──────── Data ────────

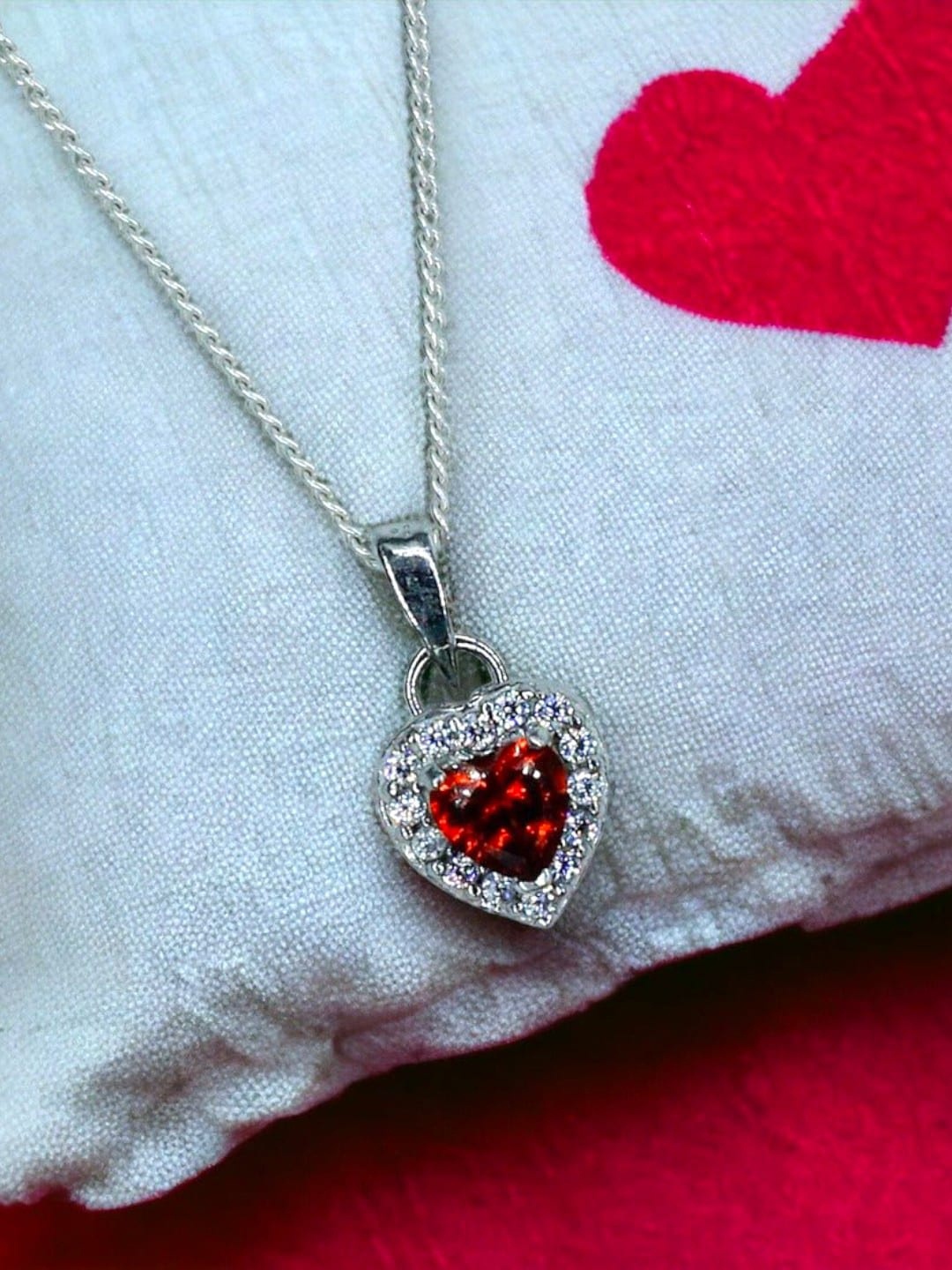 Taraash 925 Sterling Silver Cubic Zirconia Studded Heart Shape Pendant With Chain, Red
Taraash 925 Sterling Silver Cubic Zirconia Studded Heart Shape Pendant With Chain, Red
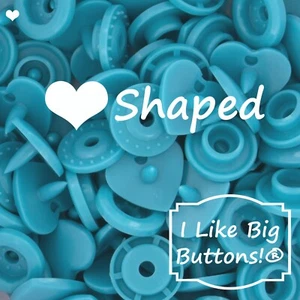 KAM Broches de presión Forma CORAZÓN B46 Azul azulado Plástico Botones a presión Sin coser Coser Artesanías - Imagen 1 de 11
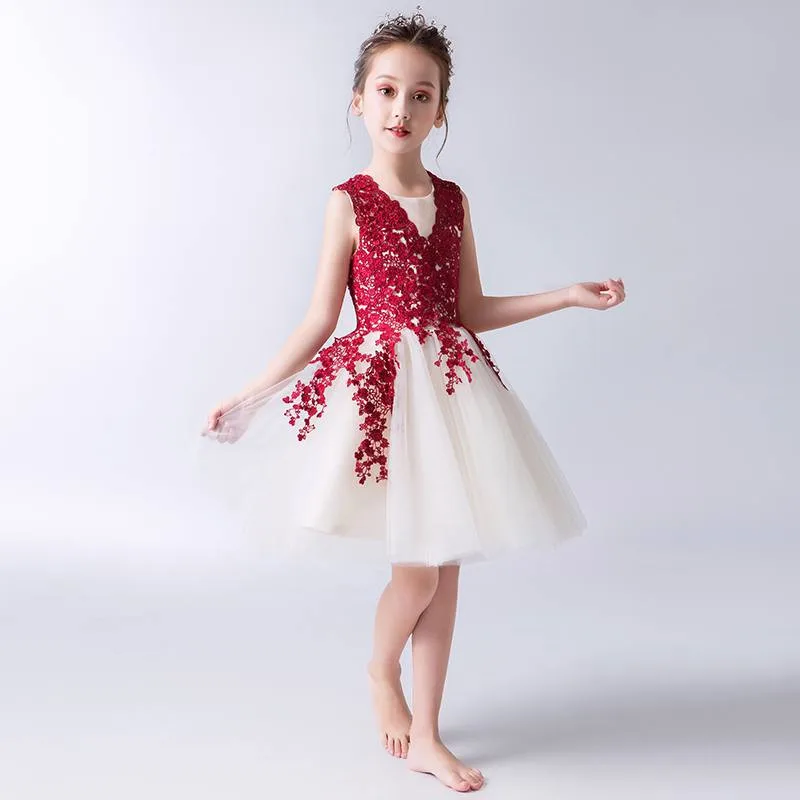 Wine red Short Детское кружевное пышное платье из тюля для девочек Детские вечерние платья для свадьбы, Первого Причастия платье со шлейфом и аппликацией для девочек-подростков Q301 - Цвет: Wine red Short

────────

[What needs to be done] Reproduce the data above exactly, leaving each picture out.

[Task answer]
 Taraash 925 Sterling Silver Cubic Zirconia Studded Heart Shape Pendant With Chain, Red
Taraash 925 Sterling Silver Cubic Zirconia Studded Heart Shape Pendant With Chain, Red
 KAM Broches de presión Forma CORAZÓN B46 Azul azulado Plástico Botones a presión Sin coser Coser Artesanías - Imagen 1 de 11
 Wine red Short Детское кружевное пышное платье из тюля для девочек Детские вечерние платья для свадьбы, Первого Причастия платье со шлейфом и аппликацией для девочек-подростков Q301 - Цвет: Wine red Short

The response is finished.